(Information provided):
------------
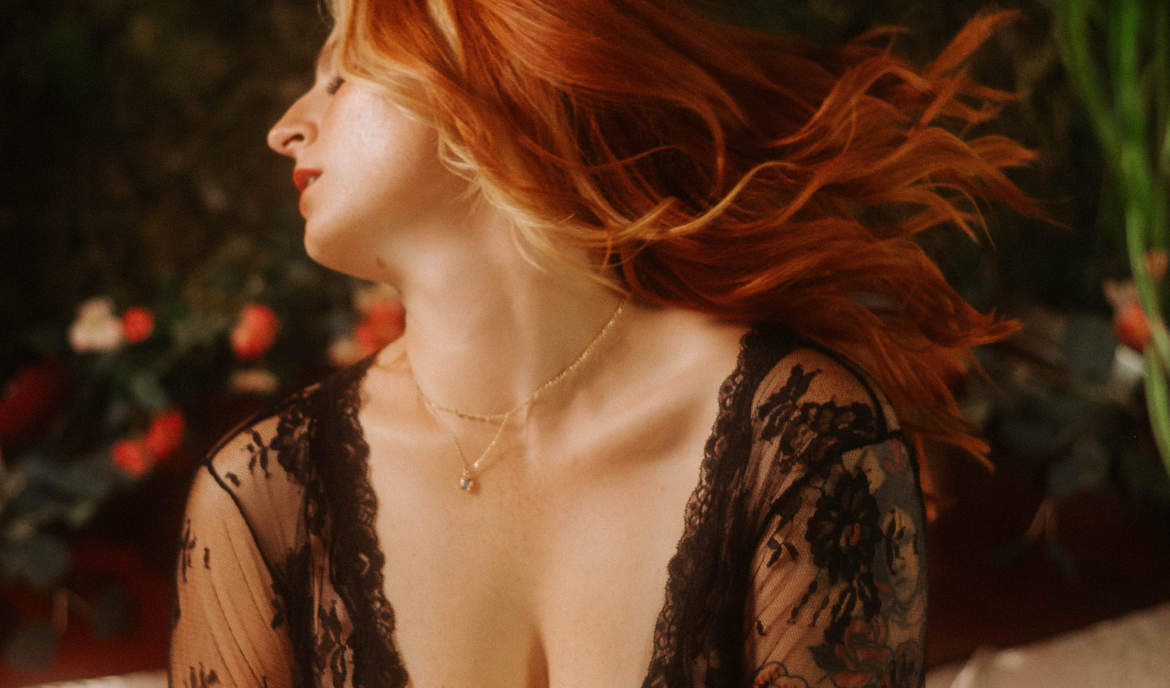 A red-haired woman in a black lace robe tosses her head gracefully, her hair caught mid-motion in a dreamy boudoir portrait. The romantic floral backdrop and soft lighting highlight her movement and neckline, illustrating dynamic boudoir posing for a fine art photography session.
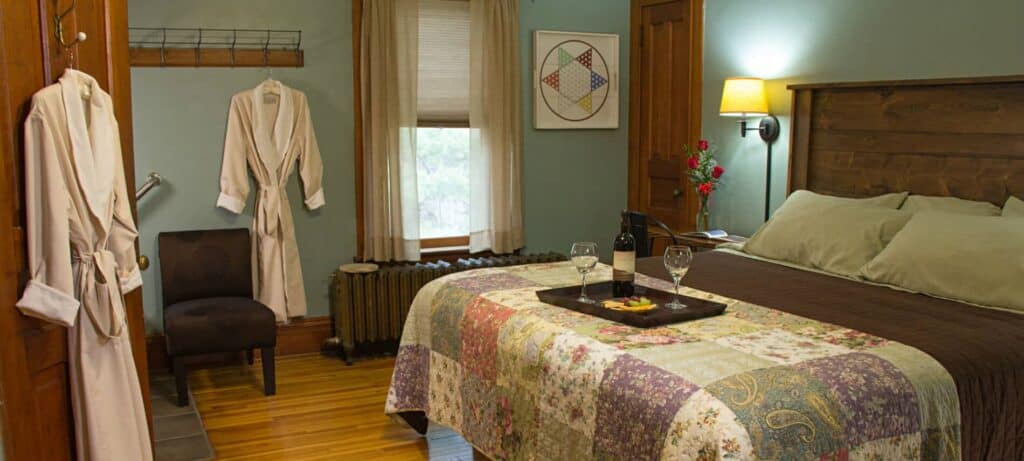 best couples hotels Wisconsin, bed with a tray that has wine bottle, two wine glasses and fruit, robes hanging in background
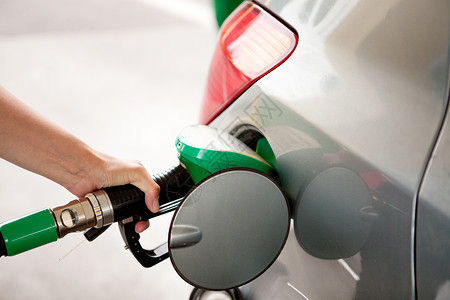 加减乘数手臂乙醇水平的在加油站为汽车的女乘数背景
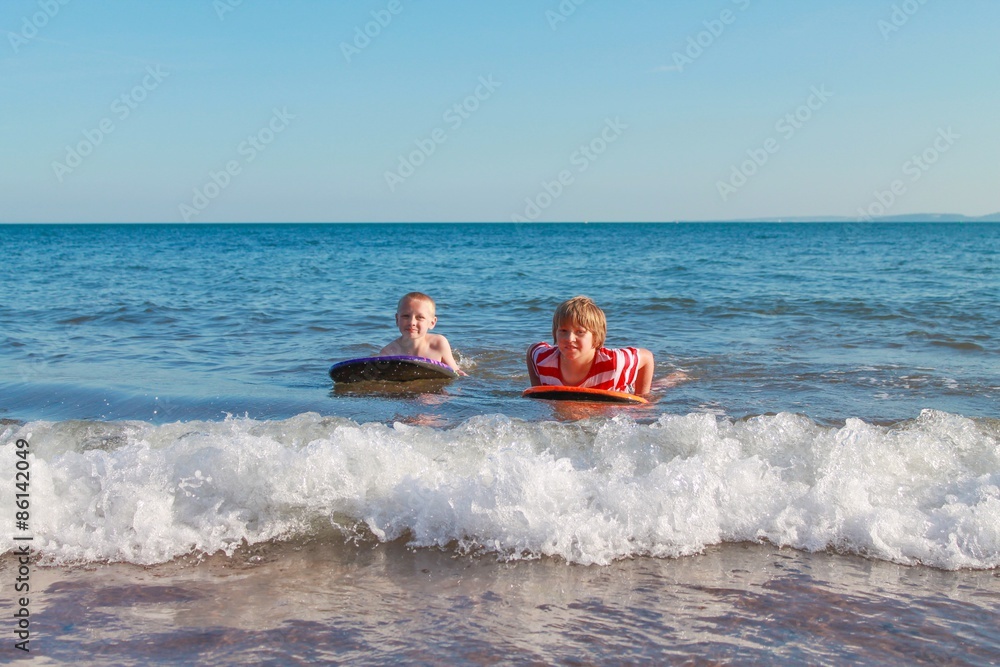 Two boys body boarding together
------------
All lines from the one containing "加减乘数手臂乙醇水平的在加油站为汽车的女乘数背景" through the end of the data are to be written out exactly, with nothing added; skip the pictures.

(Solution to this exercise):
 加减乘数手臂乙醇水平的在加油站为汽车的女乘数背景
 Two boys body boarding together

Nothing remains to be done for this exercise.